Let me a bit elaborate on what I wrote yesterday. On Wed, 29 Jun 2005, Henning Thielemann wrote:
I think matrices and derivatives are very different issues. I have often seen that the first derivative is considered as vector, and the second derivative is considered as matrix. In this spirit it is used like x^T * (D2 f)(x) * x
It should be h^T * D2 f x * h (if at all the transposition notation is used) if the curvature of f at x is meant.
but this is only abuse of the common multiplication definitions. A good interpretation and notation should seamless extend to higher derivatives. But the interpretation above does not work in higher dimensions.

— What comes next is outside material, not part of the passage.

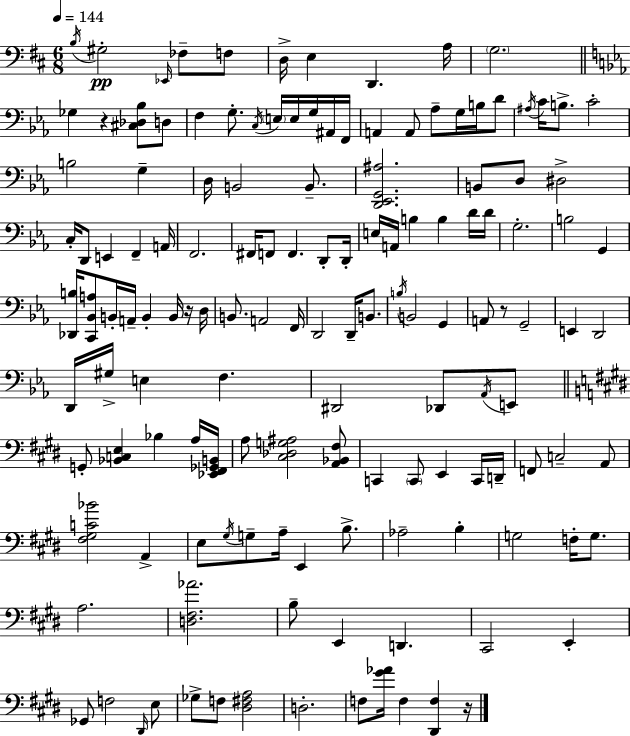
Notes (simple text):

B3/s G#3/h Eb2/s FES3/e F3/e D3/s E3/q D2/q. A3/s G3/h. Gb3/q R/q [C#3,Db3,Bb3]/e D3/e F3/q G3/e. C3/s E3/s E3/s G3/s A#2/s F2/s A2/q A2/e Ab3/e G3/s B3/s D4/e A#3/s C4/s B3/e. C4/h B3/h G3/q D3/s B2/h B2/e. [D2,Eb2,G2,A#3]/h. B2/e D3/e D#3/h C3/s D2/e E2/q F2/q A2/s F2/h. F#2/s F2/e F2/q. D2/e D2/s E3/s A2/s B3/q B3/q D4/s D4/s G3/h. B3/h G2/q [Db2,B3]/s [C2,Bb2,A3]/e B2/s A2/s B2/q B2/s R/s D3/s B2/e. A2/h F2/s D2/h D2/s B2/e. B3/s B2/h G2/q A2/e R/e G2/h E2/q D2/h D2/s G#3/s E3/q F3/q. D#2/h Db2/e Ab2/s E2/e G2/e [Bb2,C3,E3]/q Bb3/q A3/s [Eb2,F#2,Gb2,B2]/s A3/e [C#3,Db3,G3,A#3]/h [A2,Bb2,F#3]/e C2/q C2/e E2/q C2/s D2/s F2/e C3/h A2/e [F#3,G#3,C4,Bb4]/h A2/q E3/e G#3/s G3/e A3/s E2/q B3/e. Ab3/h B3/q G3/h F3/s G3/e. A3/h. [D3,F#3,Ab4]/h. B3/e E2/q D2/q. C#2/h E2/q Gb2/e F3/h D#2/s E3/e Gb3/e F3/e [D#3,F#3,A3]/h D3/h. F3/e [G#4,Ab4]/s F3/q [D#2,F3]/q R/s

I like the following type for derivation. derive :: ((i -> a) -> b) -> ((i -> a) -> (i -> b)) Here i is the index type, (i -> a) is the vector type, b is the type the vector function maps to. Its derivative has the same type of argument, but the result is a vector with indices of type i. You see that it is easy to repeat the application of 'derive', just replace b by say i->b. The second derivative yields vectors of type (i -> i -> b). This can be interpreted as matrix because it has two indices. But this is certainly not a matrix which represents a linear mapping as usual, but it is a matrix representing a bilinear form. The only thing we need is a multiplication to reduce one level of indices. mul :: (i -> c) -> (i -> b) -> b Though, what we still need is a general (overloaded?) definition of the scaling of b by c and a sum of b.
That is b must be a vector space with respect to c. 'derive' in this form is a bundled partial derivative, but it can be identified with the total derivative. That is derive f x i is the partial derivative of f at x with respect to the i-th component derive f x is the total derivative of f at x.